Even after rocketing up to $85 per barrel in mid-October, global oil prices could very well hit $100 by the end of 2008, as soaring rates of oil consumption in the world's leading oil-producing nations cut into their export capacity.
This is the forecast of Jeff Rubin, Toronto-based chief economist for CIBC World Markets, speaking this fall before the sixth annual Association for the Study of Peak Oil & Gas conference in Cork, Ireland.
The CIBC economic guru told conference delegates that the daily export capacity of OPEC, Russia and Mexico will drop by 2.5 million barrels by the end of the decade.
"Domestic demand growth of as much as 5% per year in key oil-producing countries is already beginning to cannibalize exports, and will increasingly do so in the future as production [either] plateaus or declines in many of these countries," he says.
Rubin points out that OPEC members, together with independent producers Russia and Mexico, now consume more than 12 million barrels per day, surpassing Western Europe to become the second-largest oil market in the world.
"At current rates of domestic consumption, the future export capacity of OPEC, Russia and Mexico must increasingly be called into question."
Moreover, he believes this consumption trend is likely to result in a sharp escalation in world oil prices during the next few years. Specifically, he predicts recent $85 oil prices will reach as high as $100 by the end of 2008-and that with exports from OPEC, Russia and Mexico expected to decline during the next three years, global markets will seek greater reliance on higher-cost unconventional oil deposits.
In this context, the CIBC economist expects supply from Canada's oil sands will surpass deepwater production as the largest source of new oil exports by decade's end.
Western Canada's oil sands will likely become increasingly more coveted, he says, because they represent anywhere from 50% to 70% of the world's oil supply that's open to private investment-depending on one's view of the investment climate in Nigeria and Kazakhstan.
For most multinational firms, the world is rapidly shrinking, he says. "Increasingly, they are shut out of the backyards of all the state-owned oil patches and have to compete against those state firms in places still open to private investment.

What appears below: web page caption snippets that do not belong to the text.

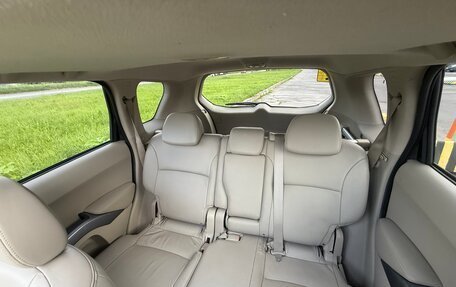Mitsubishi Outlander III рестайлинг 3, 2008 год, 890 000 рублей, 13 фотография
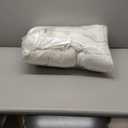 palassio White 100% Cotton Quilt Queen Size Bedding Sets with 2 Pillow Shams, Textured Lightweight Soft Bedspread Shabby Chic Coverlet, Quilted Comforter Bed Cover for All Season, 3 Pieces (Queen(90"x96")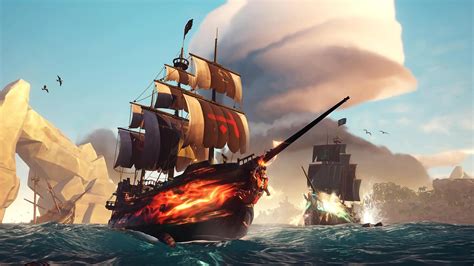 How big is Sea of Thieves PC?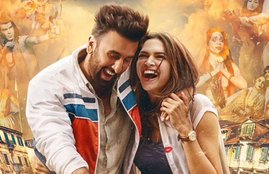 Tamasha, Tamasha first look, Tamasha poster, ranbir kapoor, deepika padukone, Tamasha deepika, Tamasha ranbir, ranbir kapoor deepika padukone, entertainment news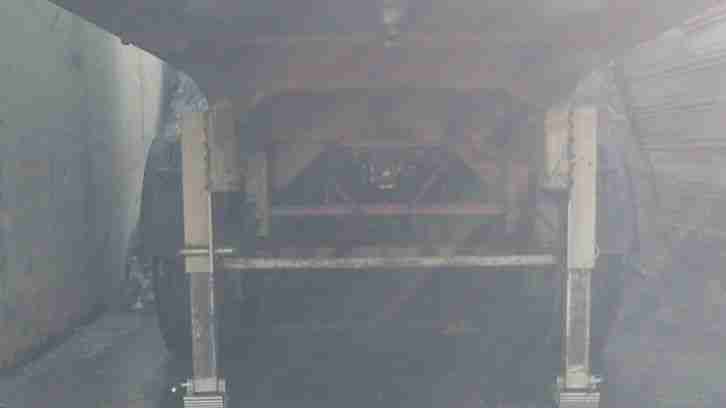 Kippsattelanhänger Langendorf 28m³ 2 Achser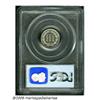 Image 2 : 1878 3CN PR66 Cameo PCGS. Although only modestly 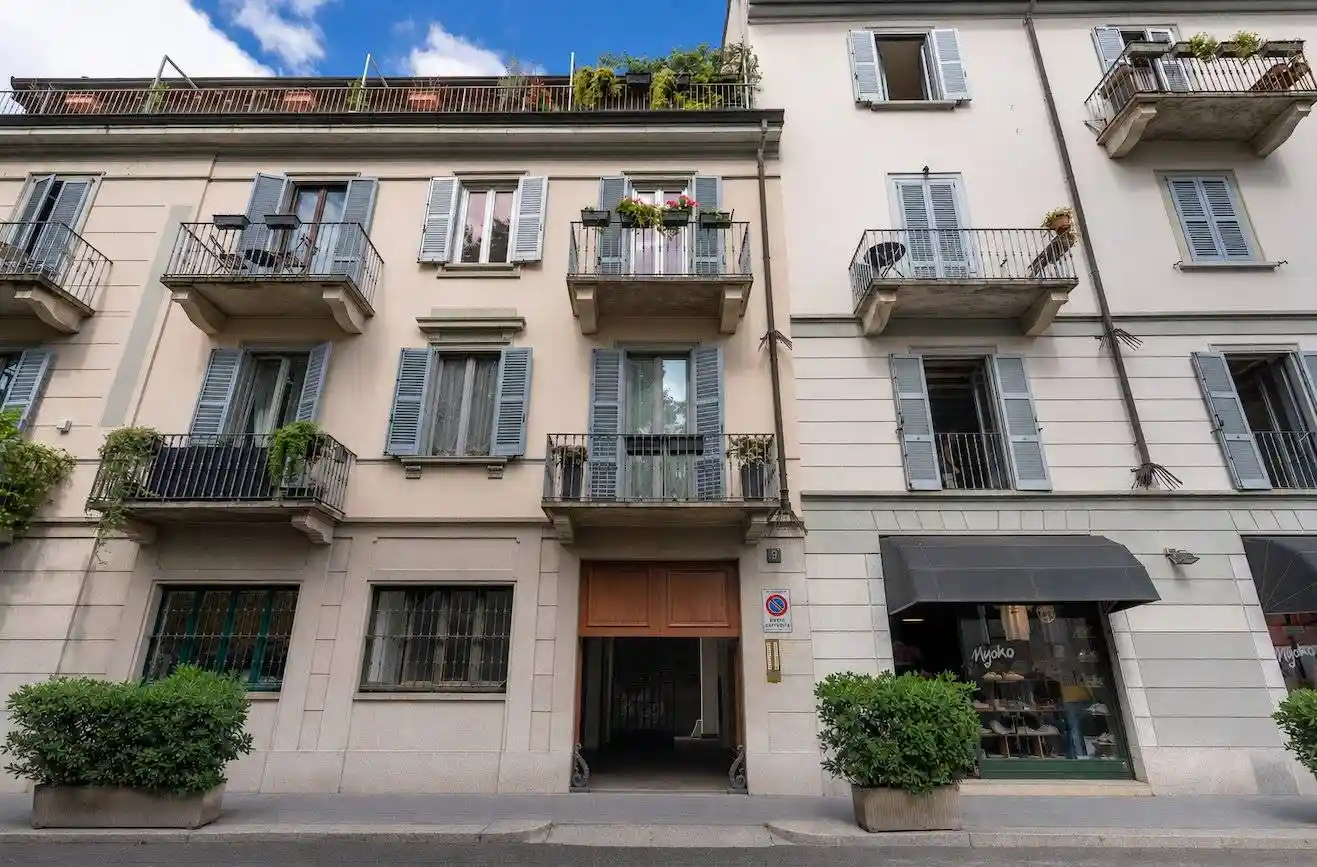 Appartamento in vendita a Milano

"Canada remains one of the few places where there is still private access to strategically important reserves, in sharp contrast, for example, to the oil-sands deposits in Venezuela."
Nearly as bullish as Rubin in its oil-price outlook is the Raymond James & Associates energy-research team in Houston. In early October, it raised its fourth-quarter 2007 oil-price forecast from $70 to $80.
"Our analysis suggests that the supply/demand fundamentals for oil are tighter today than they were a year ago, even with a prospective slowdown in the global economy," says research director J. Marshall Adkins. He notes that West Texas Intermediate crude prices have remained above $60 for more than six months and above $70 for the entirety of September.
"We are looking at meaningful consecutive oil-inventory reductions this year and in 2008, despite conservative supply/demand assumptions."
Raymond James analyst John Freeman adds, "We believe that rising global demand, coupled with OPEC's production cuts and the increasing visibility of geopolitical risks, are likely to keep oil prices near $80 per barrel-if not higher-going forward."
Accordingly, the firm's researchers have increased their 2008 oil-price forecast from $70 to $80 and set their initial 2009 forecast at $85 per barrel.
Meanwhile, in the intermediate term, they believe the potential downside to oil will be limited to OPEC's de facto price floor, which they estimate to be in the range of $55 to $60 per barrel-at the very least.
Counterbalancing this downside, however, are the aforementioned geopolitical risks which will continue to unnerve the market, says Adkins. He notes, in particular, the possibility of further terrorism in Iraq and Saudi Arabia, instability in Nigeria and Venezuela, political turbulence in Russia, and nuclear tensions with Iran-all of which have helped raise concerns and prices during the past two years.